So, when I prepared my lambs-quarters, the reasonable thing to do, it seemed, was to continue to use the ingredients I received from my CSA share -- plus add a little frozen OJ concentrate that I tend to have in my freezer. This dish turned into just enough for a small side dish and I loved it. I love the rich, green-earthly flavor, the tenderness of the plants, the way they smelled cooking. If you can get your hands on some lambs-quarters, do it. Then try this recipe. If you absolutely can't get your hands on them, you can use spinach. But go find lambs-quarters. Now.

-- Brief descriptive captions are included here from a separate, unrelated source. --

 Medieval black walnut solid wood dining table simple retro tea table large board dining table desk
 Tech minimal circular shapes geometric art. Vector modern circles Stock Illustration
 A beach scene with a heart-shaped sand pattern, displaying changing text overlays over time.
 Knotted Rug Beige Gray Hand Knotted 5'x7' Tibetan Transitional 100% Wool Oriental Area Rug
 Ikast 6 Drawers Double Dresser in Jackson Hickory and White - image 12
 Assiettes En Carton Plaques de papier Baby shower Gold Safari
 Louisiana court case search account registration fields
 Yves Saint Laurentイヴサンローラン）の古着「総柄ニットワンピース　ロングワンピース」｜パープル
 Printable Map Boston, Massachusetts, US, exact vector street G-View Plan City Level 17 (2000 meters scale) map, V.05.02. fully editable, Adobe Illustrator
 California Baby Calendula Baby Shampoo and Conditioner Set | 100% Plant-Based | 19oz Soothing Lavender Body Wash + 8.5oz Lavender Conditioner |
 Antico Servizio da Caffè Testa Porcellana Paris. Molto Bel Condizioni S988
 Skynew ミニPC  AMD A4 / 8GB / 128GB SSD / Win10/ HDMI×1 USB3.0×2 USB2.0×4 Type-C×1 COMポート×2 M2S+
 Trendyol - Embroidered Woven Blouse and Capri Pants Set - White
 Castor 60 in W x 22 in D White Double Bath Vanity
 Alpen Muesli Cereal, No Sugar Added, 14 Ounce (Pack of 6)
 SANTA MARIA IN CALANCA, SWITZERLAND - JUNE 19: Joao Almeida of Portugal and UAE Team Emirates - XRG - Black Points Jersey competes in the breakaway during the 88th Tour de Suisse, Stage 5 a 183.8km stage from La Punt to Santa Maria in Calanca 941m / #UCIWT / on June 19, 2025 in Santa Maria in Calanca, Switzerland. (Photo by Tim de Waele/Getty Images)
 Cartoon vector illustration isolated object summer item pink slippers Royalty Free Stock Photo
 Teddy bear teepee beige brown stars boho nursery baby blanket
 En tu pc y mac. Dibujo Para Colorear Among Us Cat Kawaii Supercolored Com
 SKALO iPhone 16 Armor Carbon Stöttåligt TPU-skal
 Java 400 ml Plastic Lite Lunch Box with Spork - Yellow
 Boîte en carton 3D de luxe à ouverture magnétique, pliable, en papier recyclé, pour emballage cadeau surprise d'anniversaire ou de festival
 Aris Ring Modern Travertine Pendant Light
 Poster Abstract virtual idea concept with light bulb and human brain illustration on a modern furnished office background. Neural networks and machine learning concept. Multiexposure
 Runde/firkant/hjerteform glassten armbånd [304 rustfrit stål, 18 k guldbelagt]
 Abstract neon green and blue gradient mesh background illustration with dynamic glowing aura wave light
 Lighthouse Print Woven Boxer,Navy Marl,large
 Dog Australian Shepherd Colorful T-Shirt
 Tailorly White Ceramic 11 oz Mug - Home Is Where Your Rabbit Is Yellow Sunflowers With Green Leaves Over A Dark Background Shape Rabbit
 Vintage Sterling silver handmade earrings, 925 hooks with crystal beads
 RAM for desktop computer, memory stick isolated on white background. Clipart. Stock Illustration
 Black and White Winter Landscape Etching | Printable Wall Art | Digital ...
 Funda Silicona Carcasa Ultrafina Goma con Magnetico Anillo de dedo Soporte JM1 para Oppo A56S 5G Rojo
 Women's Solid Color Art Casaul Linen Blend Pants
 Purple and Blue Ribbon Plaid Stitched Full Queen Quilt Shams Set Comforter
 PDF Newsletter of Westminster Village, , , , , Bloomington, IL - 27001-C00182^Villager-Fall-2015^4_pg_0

Garlicky Lambs-quarters with Orange Juice
1 teaspoon oil (I used sunflower)
1/2 large garlic scape, chopped
2 tablespoons spring onion, chopped
1 large handful lambs-quarters, coarsely chopped
2 teaspoons frozen OJ concentrate
1/2 teaspoon ground black pepper
Heat the oil in a medium-sized skillet over medium heat, then add the garlic scape and onion.
|Garlic Scape & Onion|
Saute 1-2 minutes, or until onion becomes translucent. Add the lambsquarters, orange juice, salt, and pepper and saute another 1-2 minutes, until lambsquarters wilt. Serve immediately.